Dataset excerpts
***
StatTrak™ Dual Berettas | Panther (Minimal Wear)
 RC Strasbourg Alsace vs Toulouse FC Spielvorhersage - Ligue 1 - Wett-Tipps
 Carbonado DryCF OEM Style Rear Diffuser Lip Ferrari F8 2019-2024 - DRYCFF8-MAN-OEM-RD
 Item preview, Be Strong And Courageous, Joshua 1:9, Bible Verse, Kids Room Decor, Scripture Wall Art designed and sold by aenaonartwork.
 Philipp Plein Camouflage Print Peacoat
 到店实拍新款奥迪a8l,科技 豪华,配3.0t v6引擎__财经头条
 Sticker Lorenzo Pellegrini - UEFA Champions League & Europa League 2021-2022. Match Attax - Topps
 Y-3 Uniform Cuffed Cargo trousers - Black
***
**Task statement**. A complete and exact reproduction of the data is needed.

**Solution**.
StatTrak™ Dual Berettas | Panther (Minimal Wear)
 RC Strasbourg Alsace vs Toulouse FC Spielvorhersage - Ligue 1 - Wett-Tipps
 Carbonado DryCF OEM Style Rear Diffuser Lip Ferrari F8 2019-2024 - DRYCFF8-MAN-OEM-RD
 Item preview, Be Strong And Courageous, Joshua 1:9, Bible Verse, Kids Room Decor, Scripture Wall Art designed and sold by aenaonartwork.
 Philipp Plein Camouflage Print Peacoat
 到店实拍新款奥迪a8l,科技 豪华,配3.0t v6引擎__财经头条
 Sticker Lorenzo Pellegrini - UEFA Champions League & Europa League 2021-2022. Match Attax - Topps
 Y-3 Uniform Cuffed Cargo trousers - Black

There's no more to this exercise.